We need a regular expression that validates good nena text. We build that pattern here using the standardized alphabet.

To do this, we need to cluster base characters on attested accentuations.

### Experiments 

In [25]:
# test = unicodedata.normalize('NFD', 'hám-ʾən ʾàsqətˈ ʾap-ʾáyya qabū̀l-ila')

# re.findall('.[\u0300-\u036F]*', test)

In [26]:
test_letter = 'ð'

def make_unistring(char):
    """Makes \\u unicode string from a c"""
    return '\\u'+hex(ord(char)).replace('x','')

for c in unicodedata.normalize('NFD', test_letter):
    print(' '+c, ord(c), make_unistring(c))

 ð 240 \u0f0


In [27]:
test = unicodedata.normalize('NFD', test_letter)

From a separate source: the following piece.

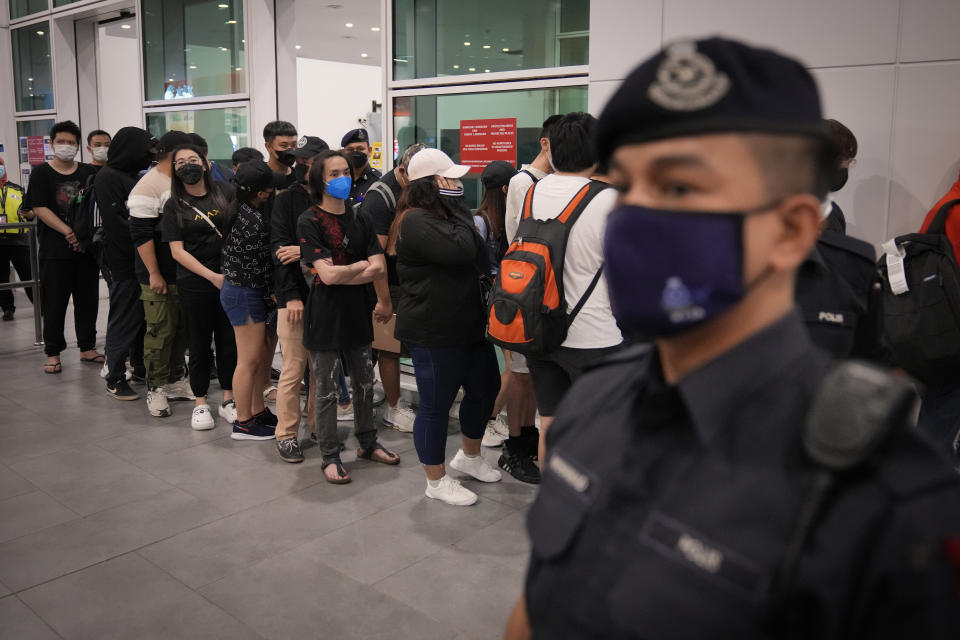 Malaysian youths rescued from human traffickers in Cambodia arrive at the Kuala Lumpur Airport Terminal in Sepang, Malaysia, Friday, Sept. 9, 2022. Foreign Minister Saifuddin Abdullah urged Malaysians to be wary of offers of lucrative jobs and free holidays, as he brought back the two dozen youths. (AP Photo/Vincent Thian)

re.findall('[a-zðɟəɛʾʿθ](?![\u0300-\u036F])', test)

['ð']

### Cluster on overlapping features for regex patterns

In [None]:
accents2bases = collections.defaultdict(list)
for letter, ldat in letter_dict.items():
    uni_string = ''.join(make_unistring(chr(c)) for c in ldat['accent_codes'])
    
    if '036f' in uni_string:
        print(letter, uni_string)
    
    accents2bases[uni_string].append(ldat['base'])

In [None]:
len(accents2bases)

In [None]:
print(accents2bases)

**cluster a second time**

In [None]:
bases2accents = collections.defaultdict(set)

for accents, lset in accents2bases.items():
    if not accents:
        continue
    bases2accents[tuple(lset)].add(accents)
    for accents2, lset2 in accents2bases.items():
        if accents != accents2:
            continue
        elif lset == lset2:
            bases2accents[tuple(lset)].add(accents2)        
            
# for accents, lset in accents2bases.items():
#     print(accents)
#     print(lset)
#     print()

In [None]:
pprint(bases2accents)

In [None]:
accented_sorted = sorted(bases2accents.items(), key=lambda k: len(k[0]), reverse=True)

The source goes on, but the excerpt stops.